(Short web captions)
------------

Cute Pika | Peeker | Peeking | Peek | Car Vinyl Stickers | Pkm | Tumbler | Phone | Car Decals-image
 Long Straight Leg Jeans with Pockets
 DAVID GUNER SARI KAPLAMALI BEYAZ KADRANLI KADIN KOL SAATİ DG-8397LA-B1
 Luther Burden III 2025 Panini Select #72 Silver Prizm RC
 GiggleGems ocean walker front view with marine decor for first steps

------------

# About this task
All of the data above should be reproduced verbatim.

# Expected answer
Cute Pika | Peeker | Peeking | Peek | Car Vinyl Stickers | Pkm | Tumbler | Phone | Car Decals-image
 Long Straight Leg Jeans with Pockets
 DAVID GUNER SARI KAPLAMALI BEYAZ KADRANLI KADIN KOL SAATİ DG-8397LA-B1
 Luther Burden III 2025 Panini Select #72 Silver Prizm RC
 GiggleGems ocean walker front view with marine decor for first steps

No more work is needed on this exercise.